### Task to carry out
Go through the listing below and repeat it exactly, omitting each picture.

### Exercise data
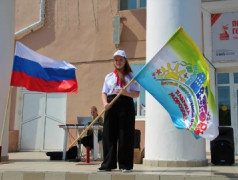 День единых действий: 100 лет «Артеку»!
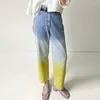 女性のジーンズ VANOVICH 韓国スタイル夏の個性ハイウエストスリムワイドレッグストレート女性デザインコントラストカラーファッションパンツ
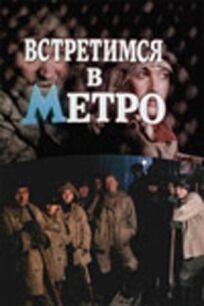 Встретимся в метро (1985)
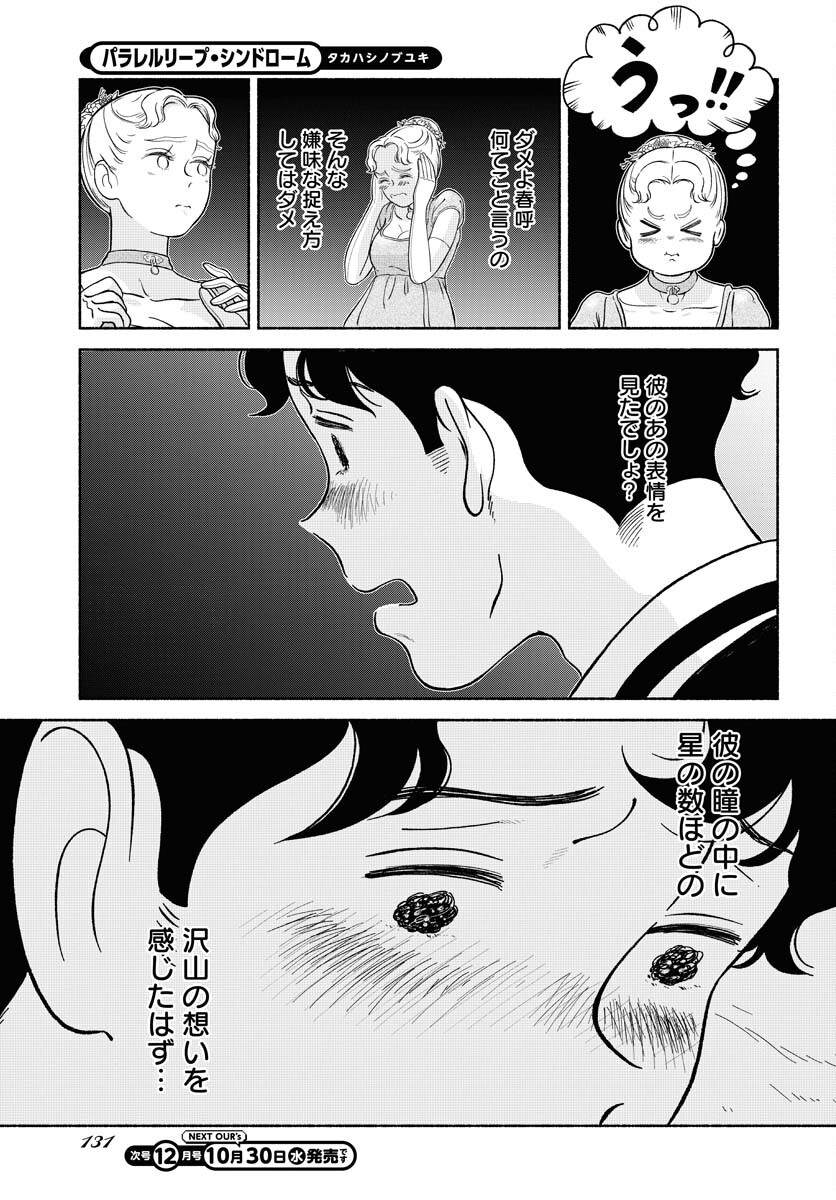 Read PARALLEL LEAP SYNDROME Chapter 23 [High Quality / Full] - Page 13 - nicomanga.com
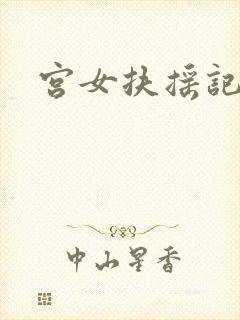 宫女扶摇记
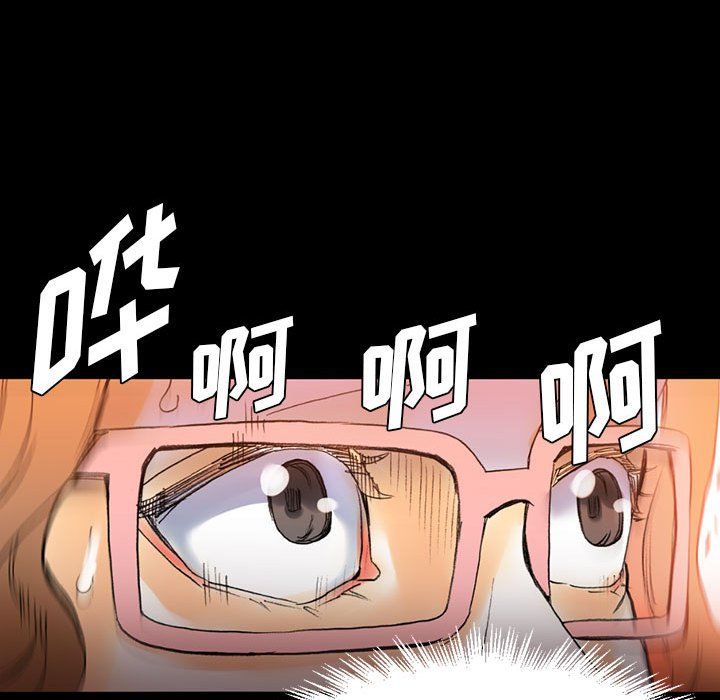 完美情人养成记第15话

### The completed task
 День единых действий: 100 лет «Артеку»!
 女性のジーンズ VANOVICH 韓国スタイル夏の個性ハイウエストスリムワイドレッグストレート女性デザインコントラストカラーファッションパンツ
 Встретимся в метро (1985)
 Read PARALLEL LEAP SYNDROME Chapter 23 [High Quality / Full] - Page 13 - nicomanga.com
 宫女扶摇记
 完美情人养成记第15话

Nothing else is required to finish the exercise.